The psychologists and psychiatrists among us must be busy these days, because it’s very difficult to escape falling into a wide-ranging and deep depression over the current barage of news.
It’s been difficult for the past three years. But now, with this “tit-for-tat” set of violent exchanges with Iran, we are so close to war – and to a possible nuclear war at that – that it seems nearly impososible to keep a positive attitude. Any my New Year’s resolution this year was to increase my gratitude.
I am still, as always, grateful for such seemingly simple things as hot running water; for electric lights; for appliances that work; for a warm house (winter zone here) and enough food. I am grateful for friends and family.

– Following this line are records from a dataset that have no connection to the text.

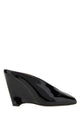 Ferragamo Black Leather Alicia Mules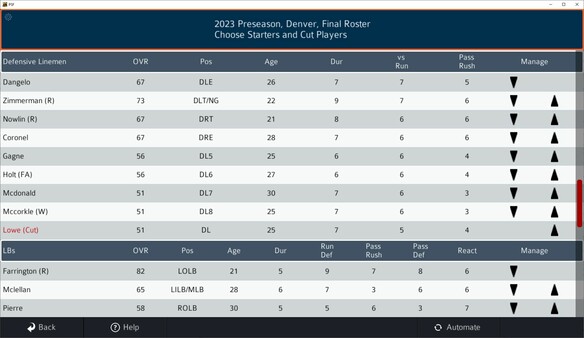 Скриншот из Pro Strategy Football 2024
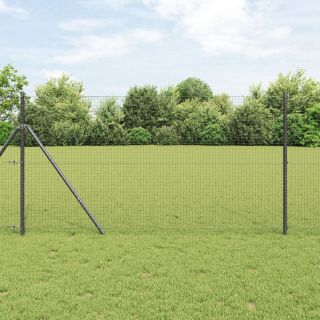 keermestatud traadi aed 7 postiga Hall 1.2x10 m Teras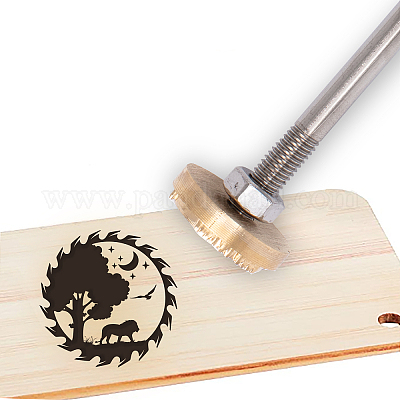 Stamping Embossing Soldering Brass with Stamp&nbsp;AJEW-WH0113-15-187-1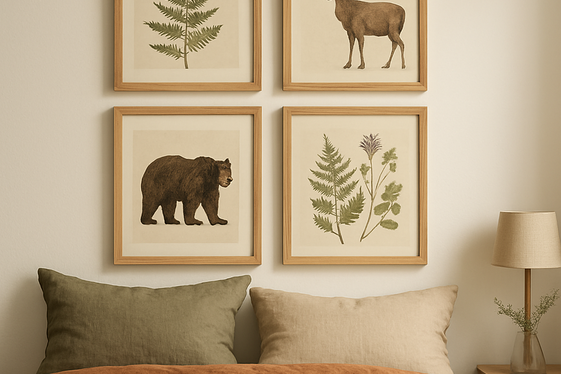 Use Wildlife and Botanical Prints Tastefully illustration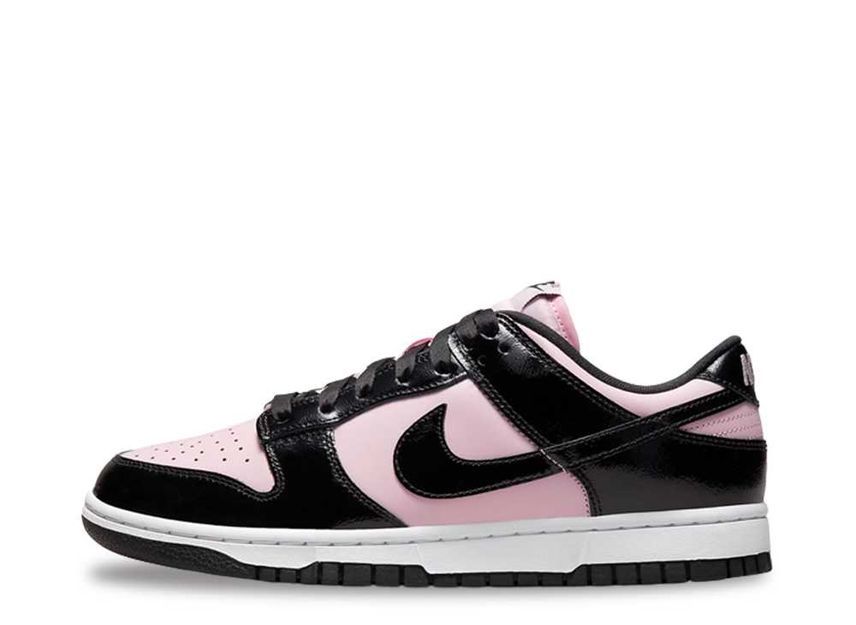 25.0cm Nike WMNS Dunk Low Essential "Black Patent Leather" 25cm DJ9955-600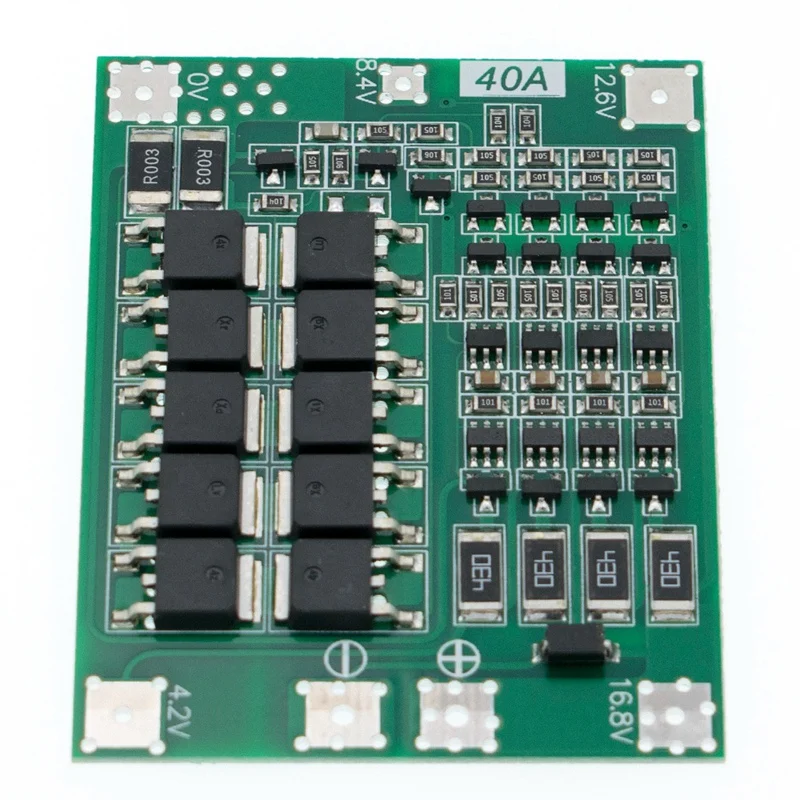 4S 40A 18650 литий-ионный аккумулятор зарядное устройство BMS плата PCB защитный модуль с балансом для бурового двигателя 14,8 в 16,8 в Lipo модуль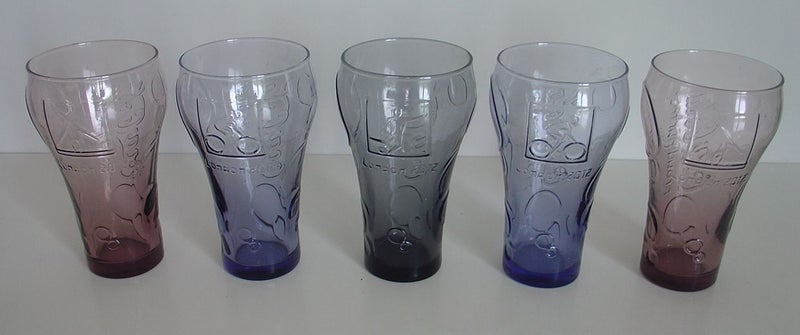 London Olympics 2012 Coke Glasses x 5 Carousel 1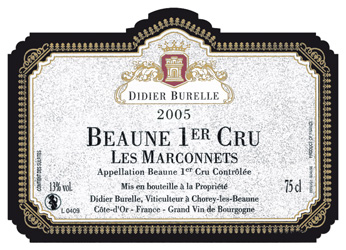 Les Marconnets Vieilles Vignes 1er cru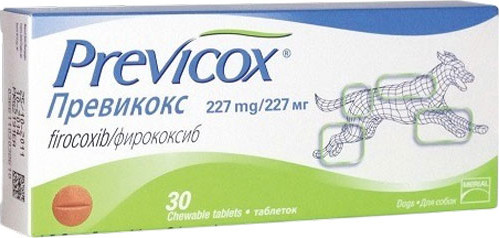 Изображение товара Таблетки противовоспалительные для животных MERIAL Превикокс для собак 227мг (30 таблеток)
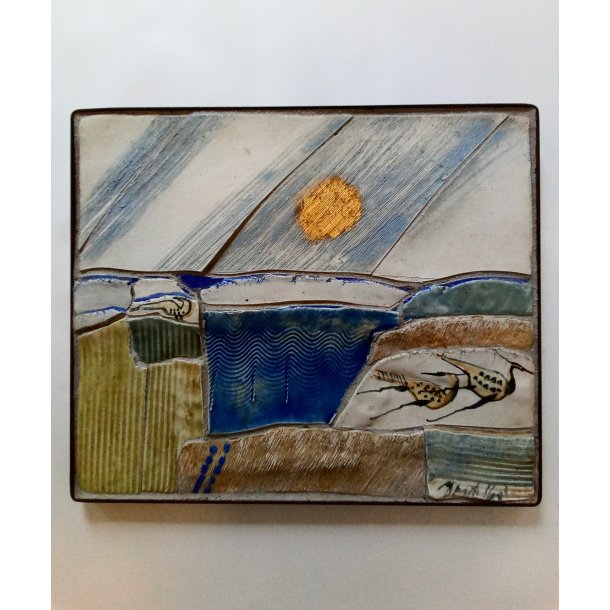 Birgit Krogh keramik relief 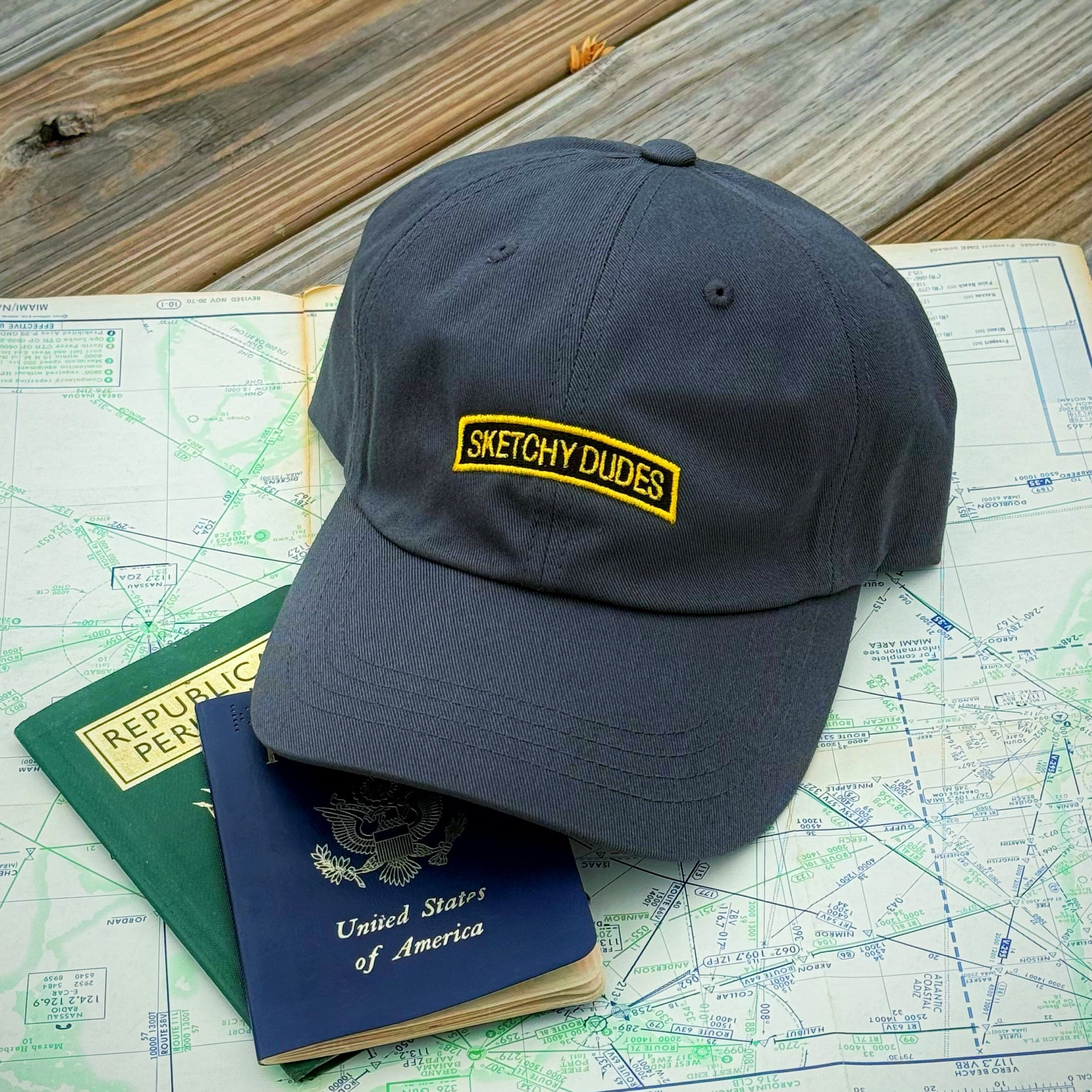 Lume Raiders™ Sketchy Dudes Tab Dad Hat - Gray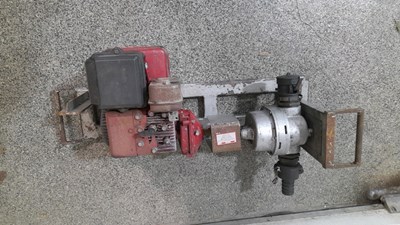 Lot 449 - MOBILE PETROL DRIVEN WATER PUMP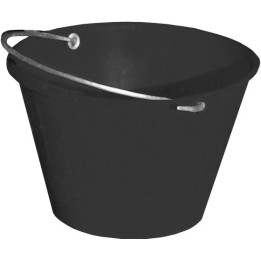 SECCHIO MURATORE NERO CON OCCHIELLO LT 40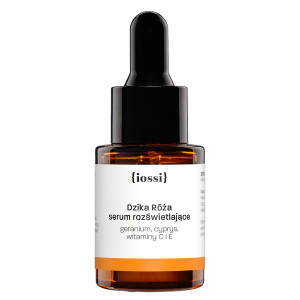 Iossi Dzika Róża serum rozświetlające z geranium cyprysem witaminami C i E 10ml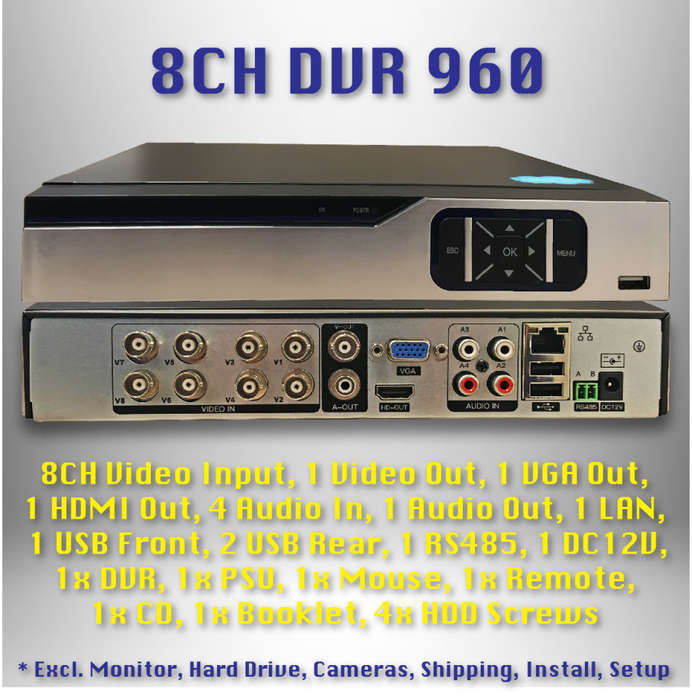 8 CHANNEL DVR CCTV SECURITY RECORDER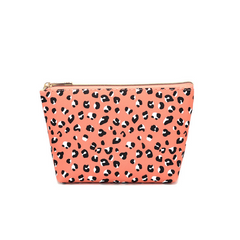 Leopard Pattern Makeup Zipper Pouch Cosmetic Bag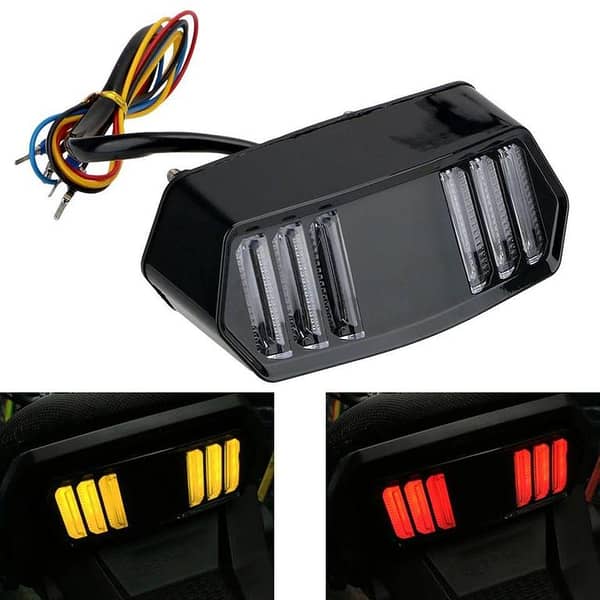 Motorcycle LED Back Light with Left/Right Indicator and Parking Light – Waterproof, Easy Fit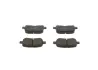 Комплект гальмівних колодок передн, TOYOTA COROLLA, PASEO, STARLET 1.3/1.5/1.6 05.95-02.00 BOSCH 0986424692 (фото 3)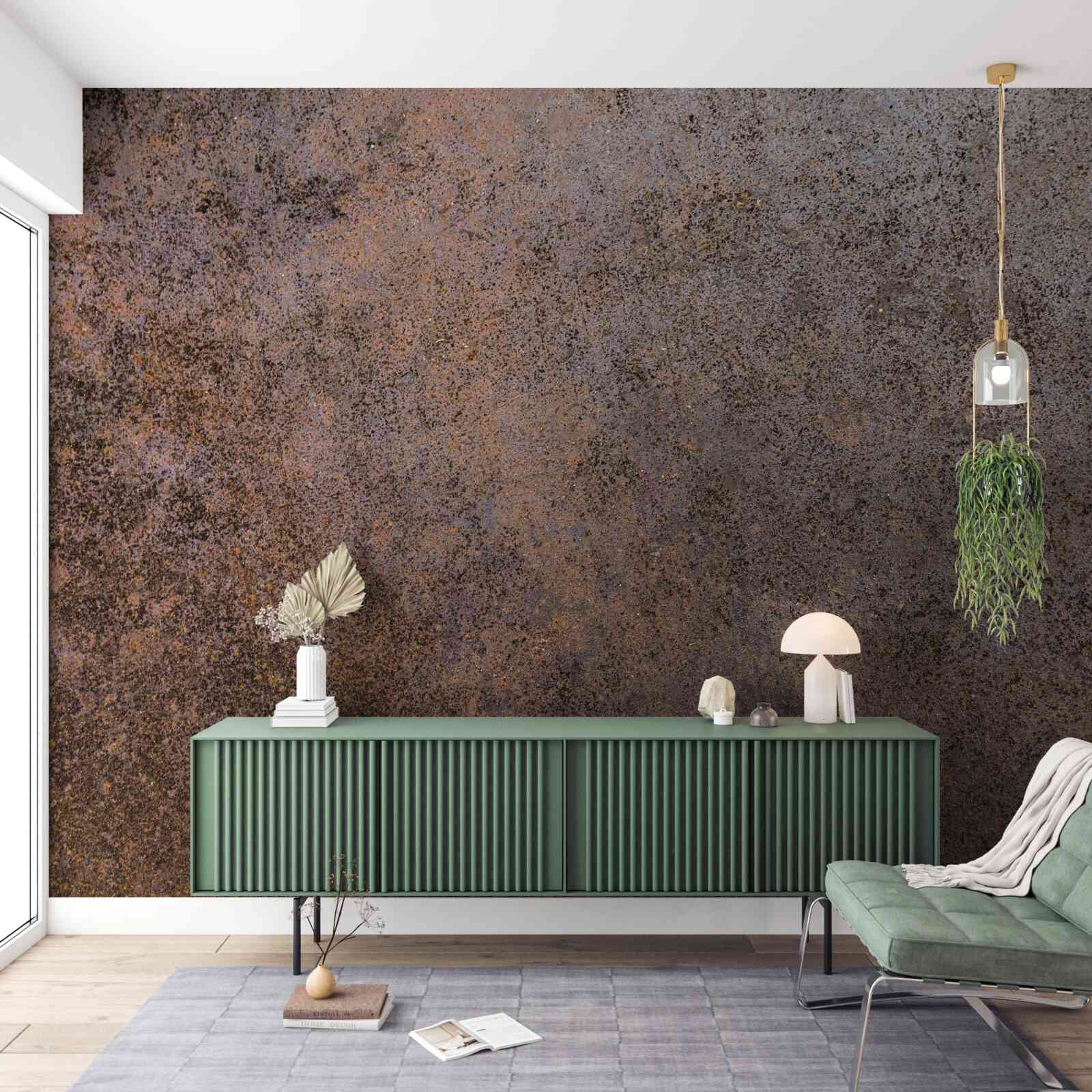 Fotobehang oud en heeft zijn glans verloren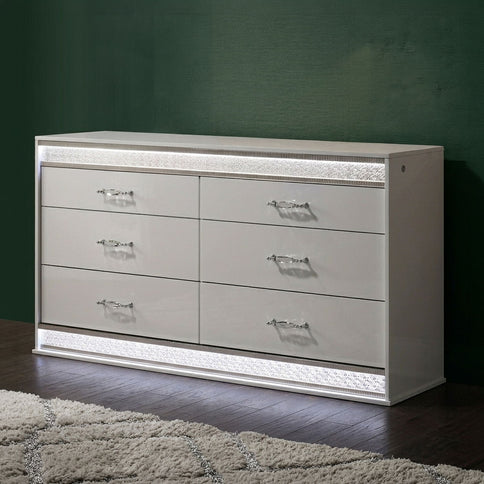 Glam - Bedroom Set With LED Headboard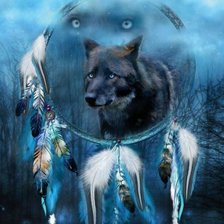 Схема вышивки «Дух черного волка (Carol Cavalaris)»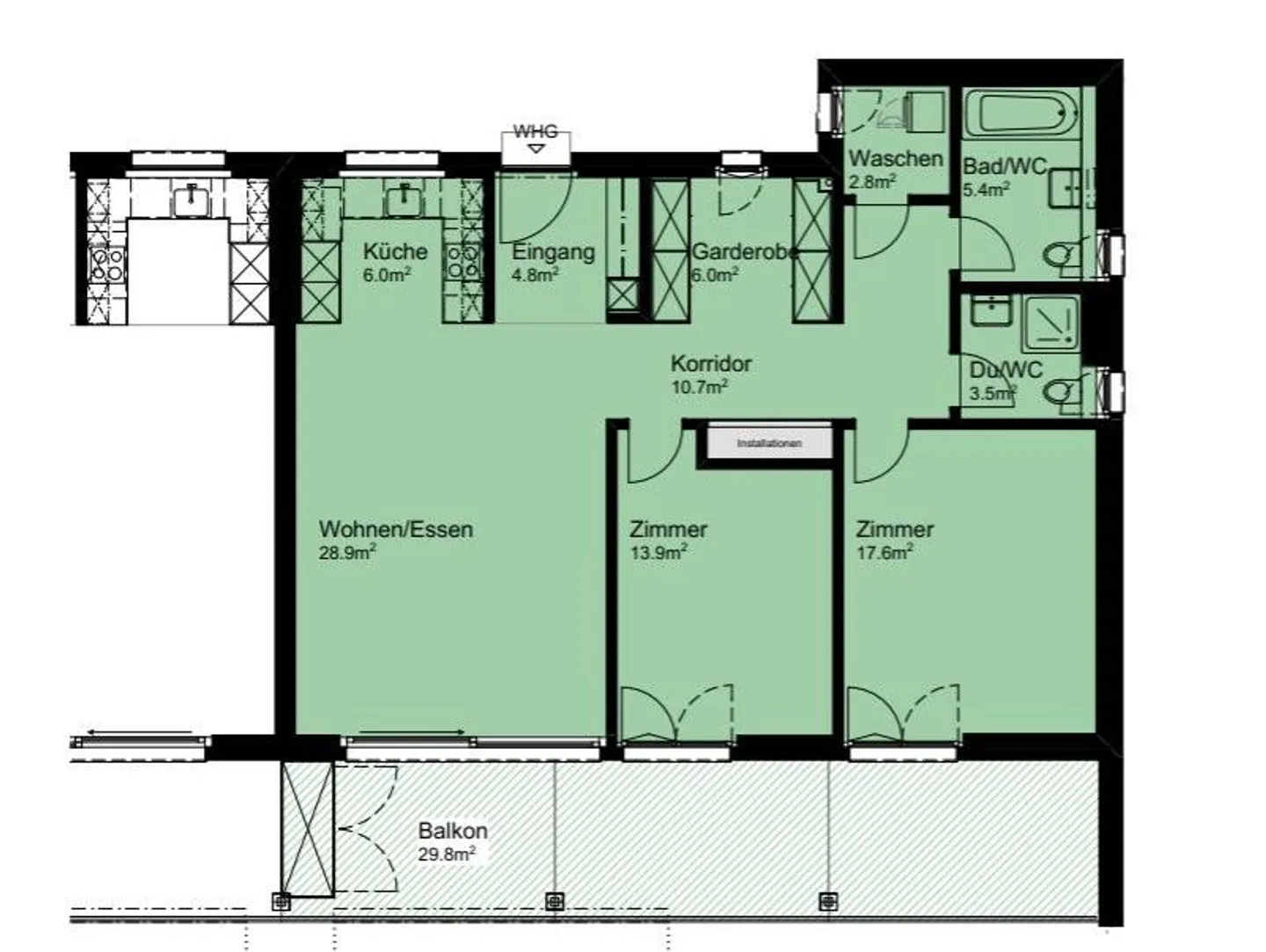 Appartamento moderno con grande balcone - Foto 8 di 8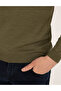 Light Green Slim Fit Crew Neck Wool Blend Basic Knitwear Sweater 50257301-Vr092 - 4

However, I would like to be grateful for a Congress that took up its rightful leadership role of being the only institution which can declare war; for a government that truly understood the checks and balances built into the system; for members of Congress who understood that the art of governance is the art of compromise, not the art of obstruction. I would like to be grateful for a government and for federal and district judges who were aligned in declaring that no person is above the law – not one; who understood that rolling back environmental regulations only leads us down the same kind of path that Australia is so tragically facing right now; who understood that there is no such thing as “trickle-down” economics, because having too much has a weird psychological effect of many people – they end up feeling like they never have enough.
Meantime, in my very small corner of the world, I am grateful for my life. I’m also mindful of those who have not nearly as much, right here in our own country. We need to keep speaking out; to keep telling the stories; to keep promoting the awareness – to recreate the reasons to be grateful for the founding of this country.